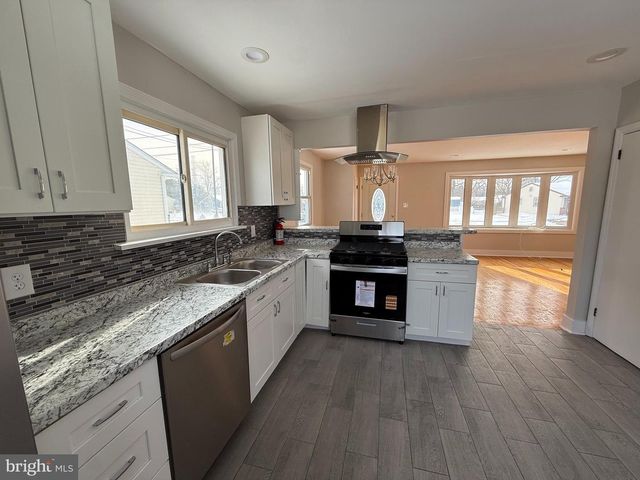 2316 CORBETT RD, Pennsauken, NJ 08109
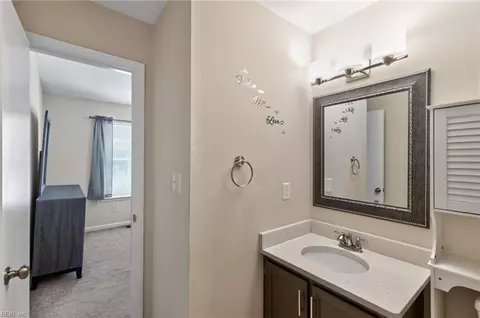 Bath - 6 Chinaberry Pl, Hampton, VA 23666 photo 2 of 4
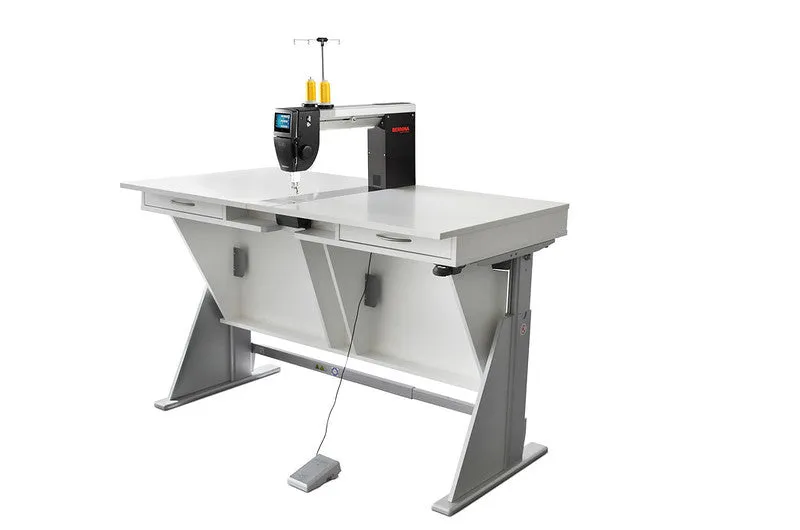 Bernina Q 20   RMF Table with lift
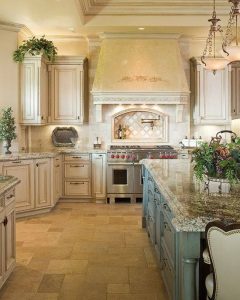 French Country Kitchen... SO INCREDIBLY BEAUTIFUL!! - LOVE THE .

— TASK DETAILS —
This task calls for restating, word for word, each line from the line holding "Bernina Q 20" through the end of the material, pictures left out.

— YOUR RESPONSE —
 Bernina Q 20   RMF Table with lift
 French Country Kitchen... SO INCREDIBLY BEAUTIFUL!! - LOVE THE .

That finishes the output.